## TASK TO COMPLETE
Upon reaching the line that contains "Akuel Double Pleasure" in the records below, begin repeating every line exactly through the last one, skipping pictures.

## MATERIAL SHOWN
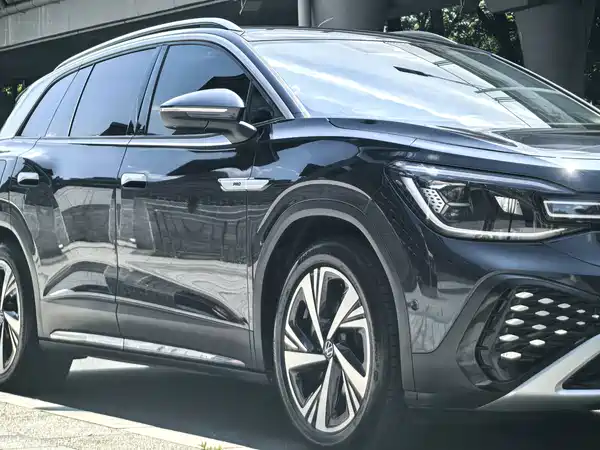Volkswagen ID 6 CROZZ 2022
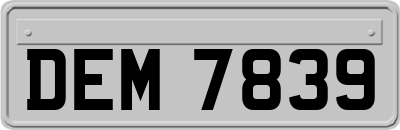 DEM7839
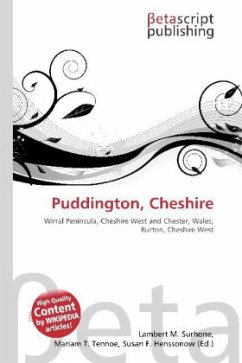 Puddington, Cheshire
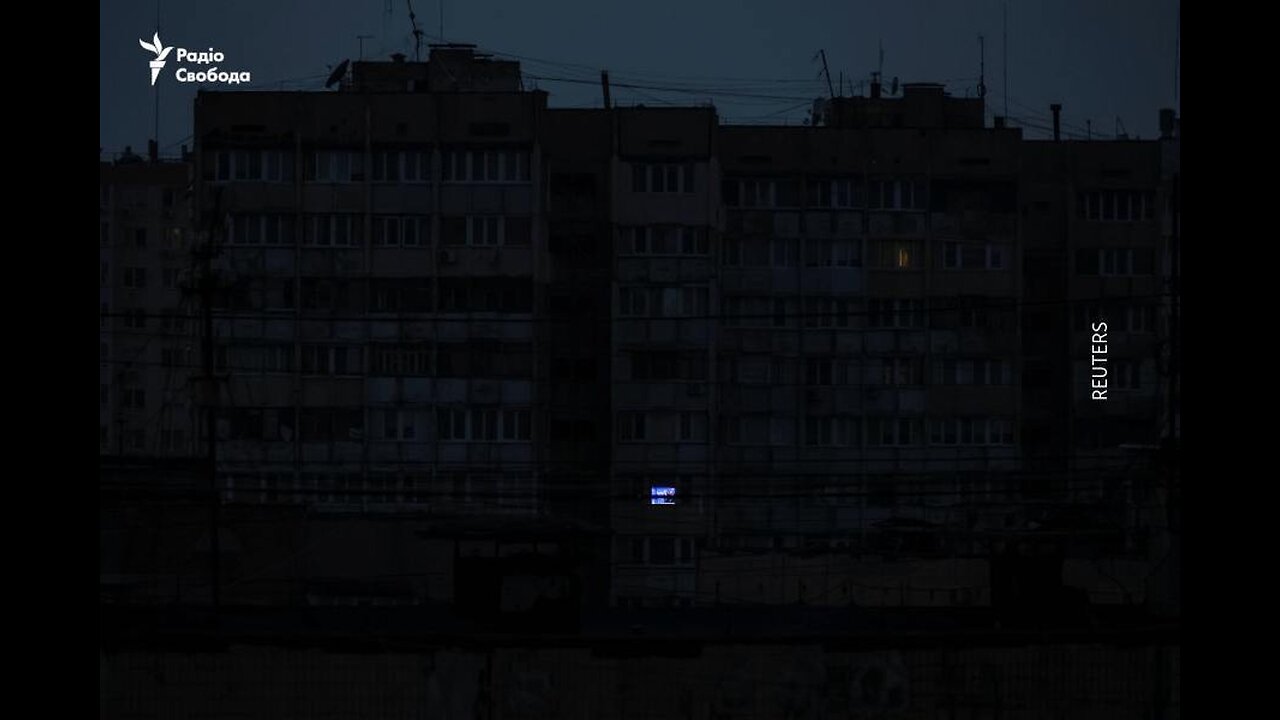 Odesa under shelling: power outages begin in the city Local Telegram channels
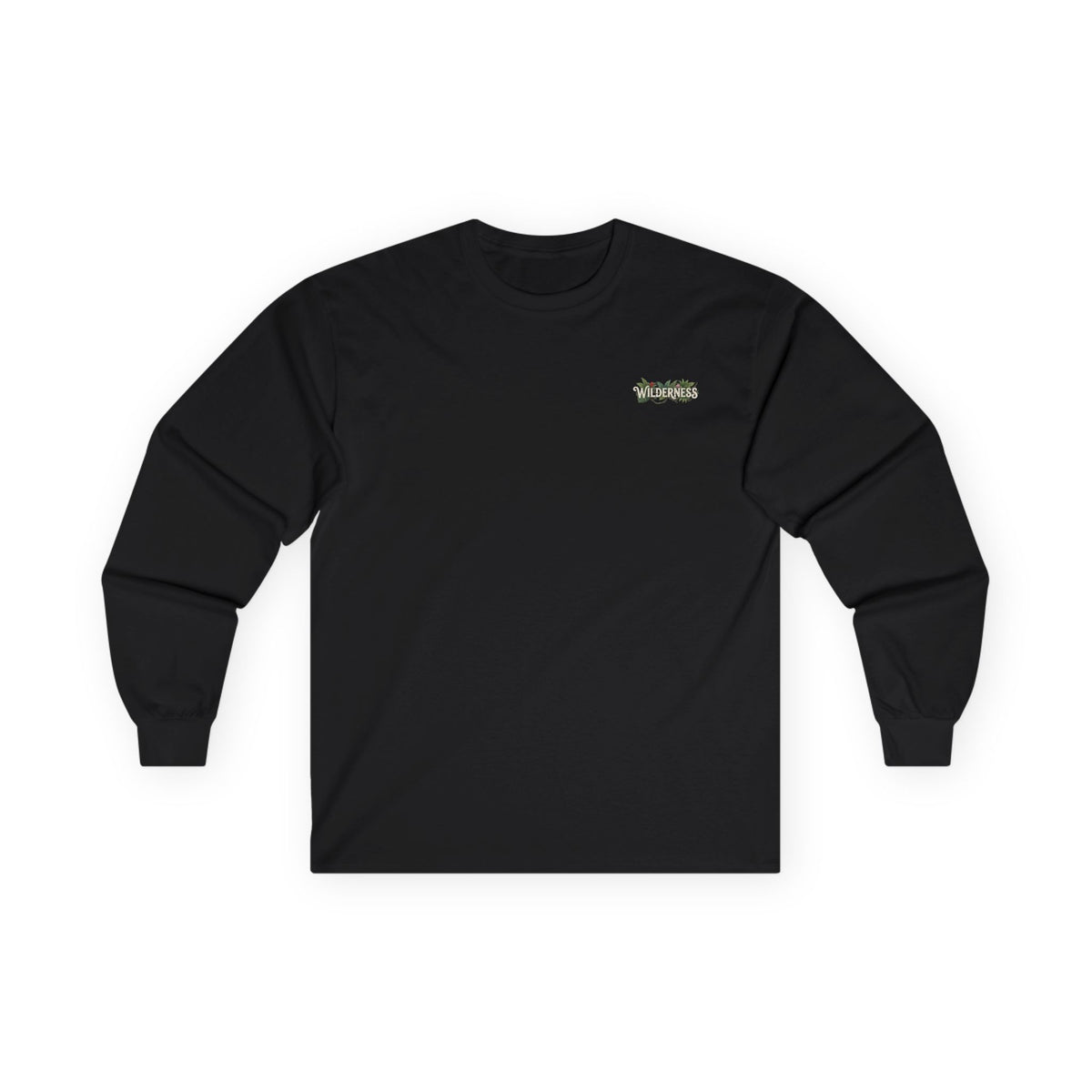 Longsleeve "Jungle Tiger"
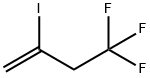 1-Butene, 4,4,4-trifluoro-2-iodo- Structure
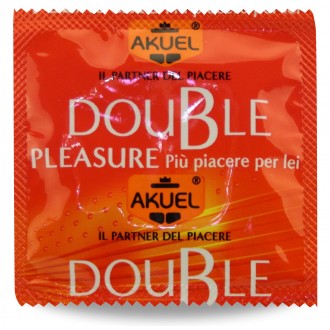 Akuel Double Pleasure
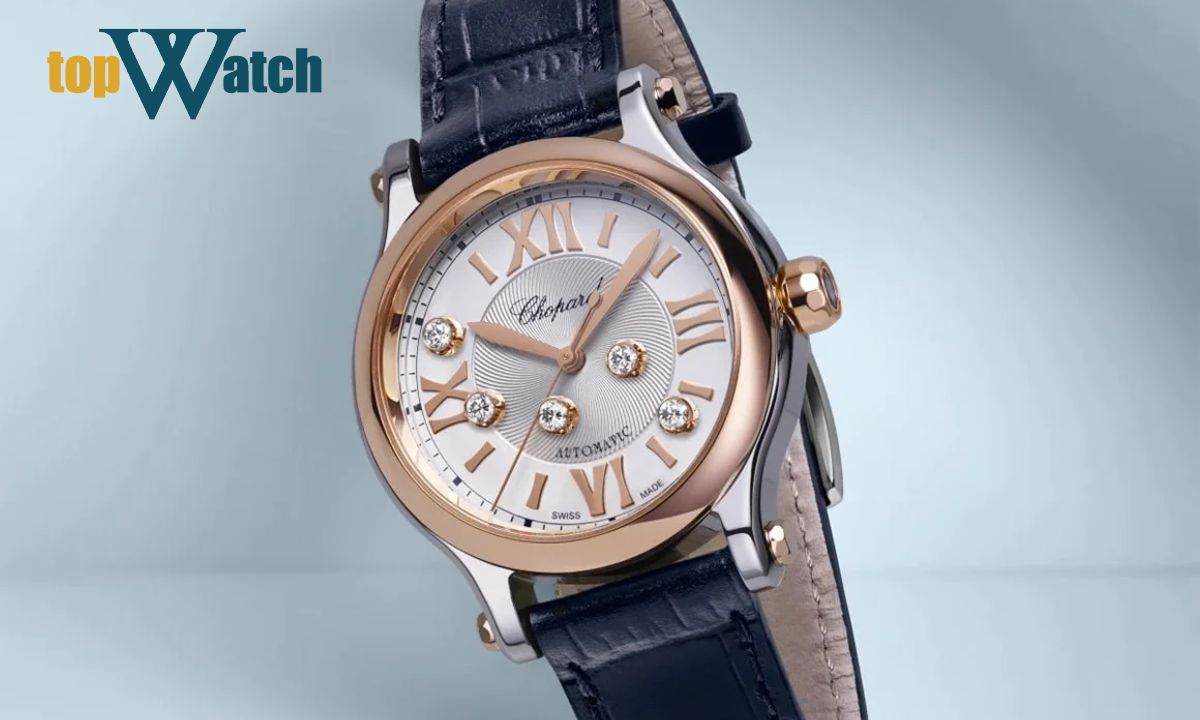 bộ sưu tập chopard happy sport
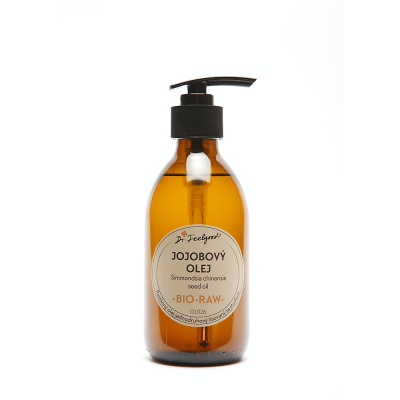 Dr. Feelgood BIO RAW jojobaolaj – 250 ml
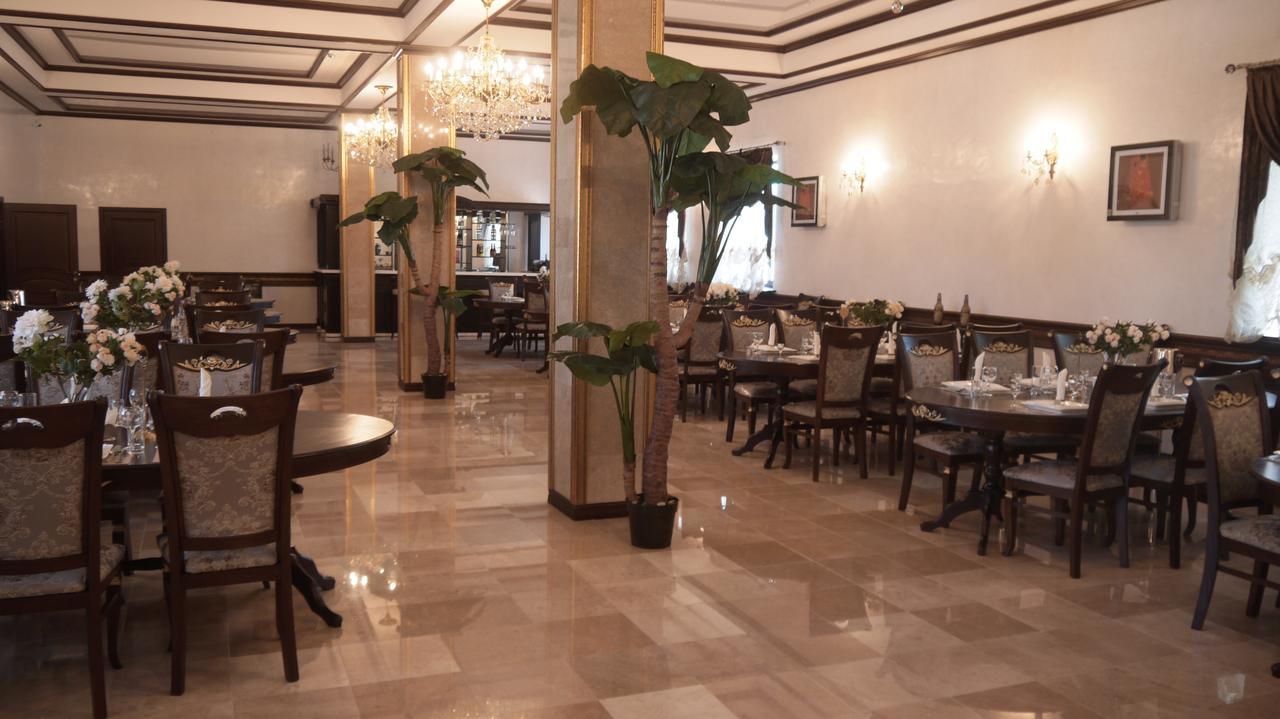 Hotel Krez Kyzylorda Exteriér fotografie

## SOLUTION BELOW
 Akuel Double Pleasure
 bộ sưu tập chopard happy sport
 Dr. Feelgood BIO RAW jojobaolaj – 250 ml
 Hotel Krez Kyzylorda Exteriér fotografie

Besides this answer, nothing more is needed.